• [ABOUT THIS EXERCISE]
Leave out the pictures and transcribe the rest of the records exactly.

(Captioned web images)
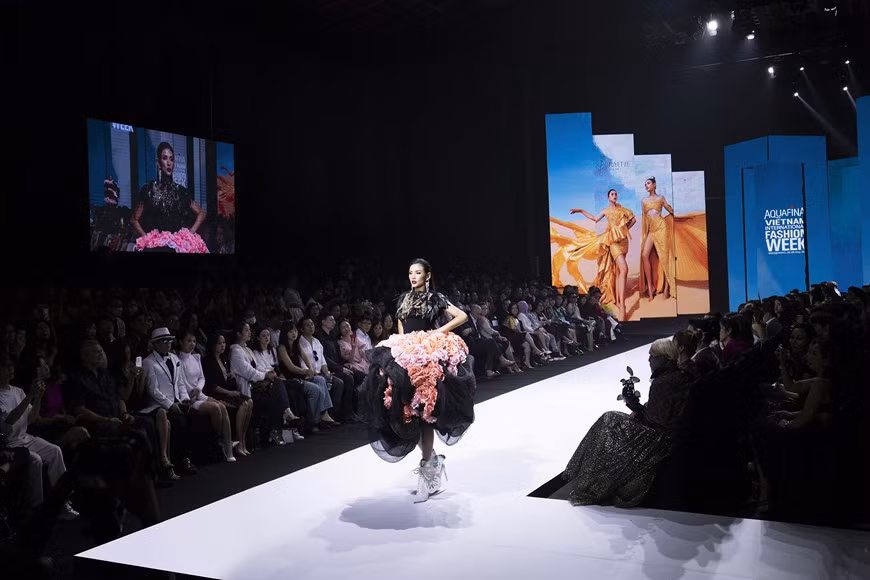 雪黎设计师为《玫瑰花的秘密》服装作品集精心准备。图自越通社Vietnam+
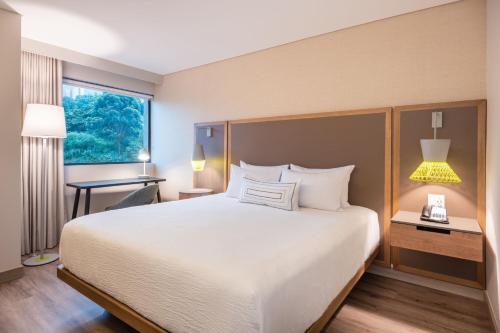 麦德林Fairfield by Marriott Medellin Sabaneta的一间设有大床和窗户的酒店客房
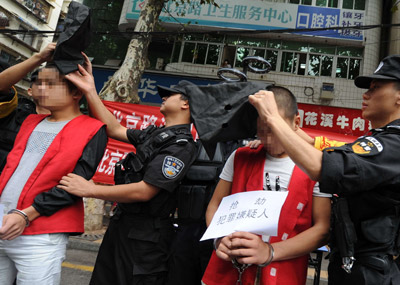 特警押盗抢嫌犯上街供市民指认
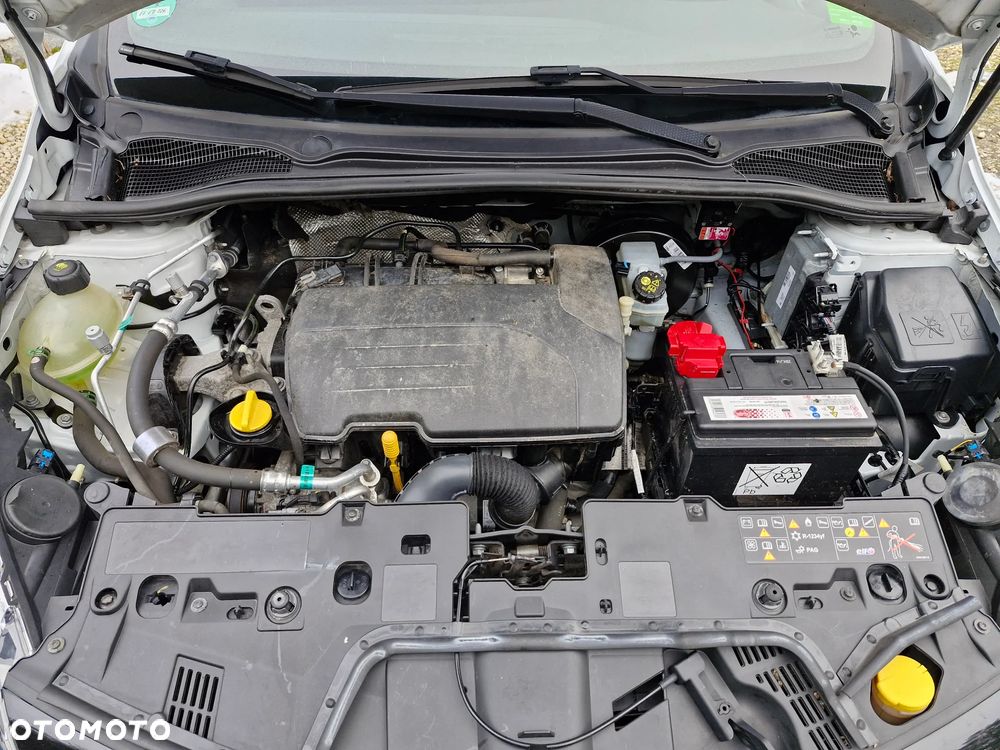 Renault Clio 1.2 16V 75 LIMITED - 22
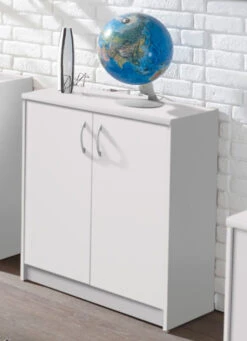 Kombifreundliche Kommode Mit Silberfarbenen Griffen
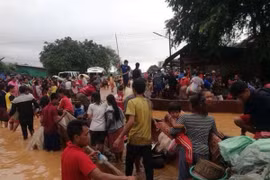 Nạn nhân tại Sanamxay.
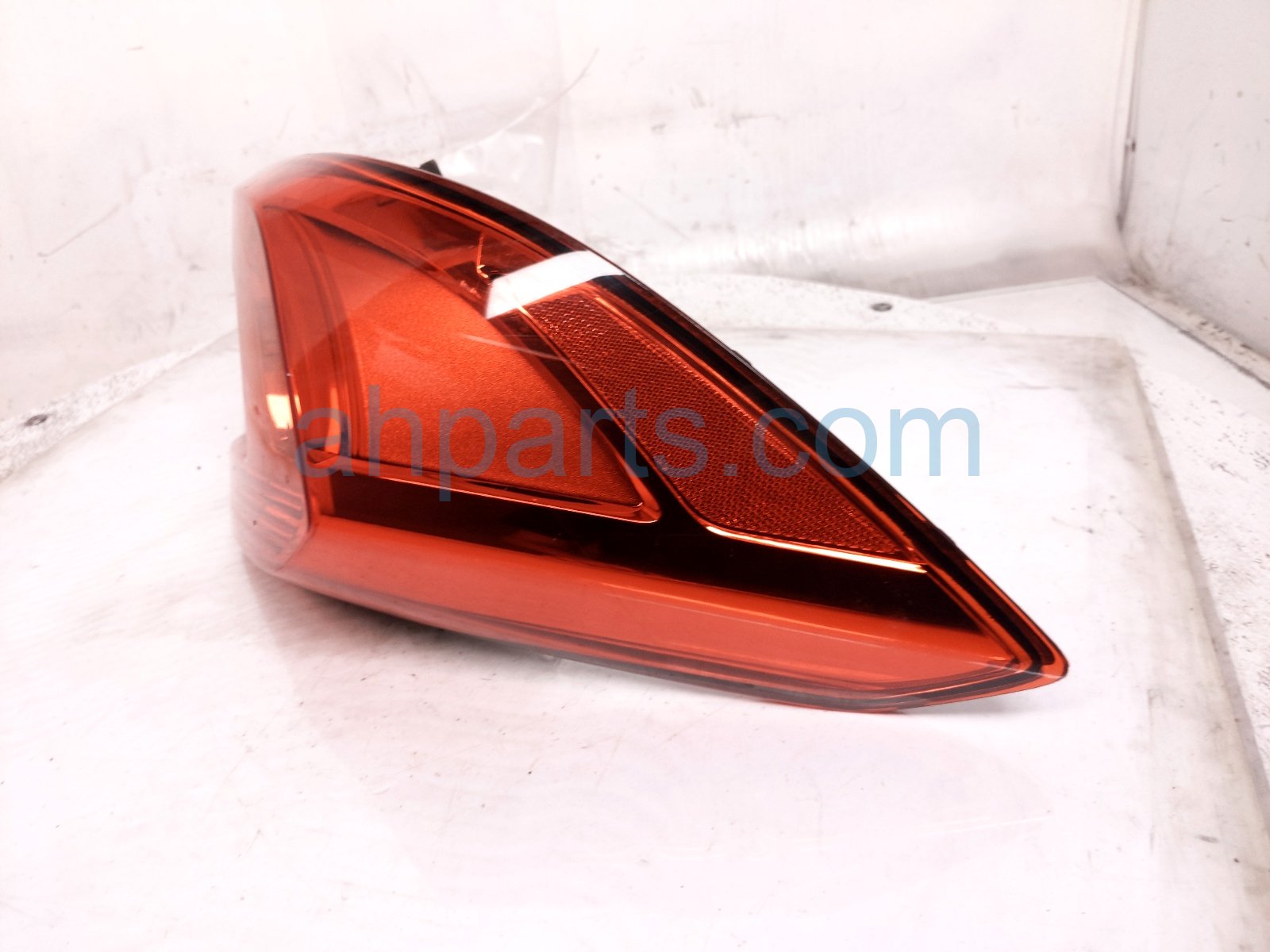 2019 Honda Accord Light / Rear Driver Tail Lamp (on Body) 33550 TVA A01 Replacement 2019 Honda Accord Light / Rear Driver Tail Lamp (on Body) 33550 TVA A01 Replacement thumbnail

• [ANSWER BOX]
 雪黎设计师为《玫瑰花的秘密》服装作品集精心准备。图自越通社Vietnam+
 麦德林Fairfield by Marriott Medellin Sabaneta的一间设有大床和窗户的酒店客房
 特警押盗抢嫌犯上街供市民指认
 Renault Clio 1.2 16V 75 LIMITED - 22
 Kombifreundliche Kommode Mit Silberfarbenen Griffen
 Nạn nhân tại Sanamxay.
 2019 Honda Accord Light / Rear Driver Tail Lamp (on Body) 33550 TVA A01 Replacement 2019 Honda Accord Light / Rear Driver Tail Lamp (on Body) 33550 TVA A01 Replacement thumbnail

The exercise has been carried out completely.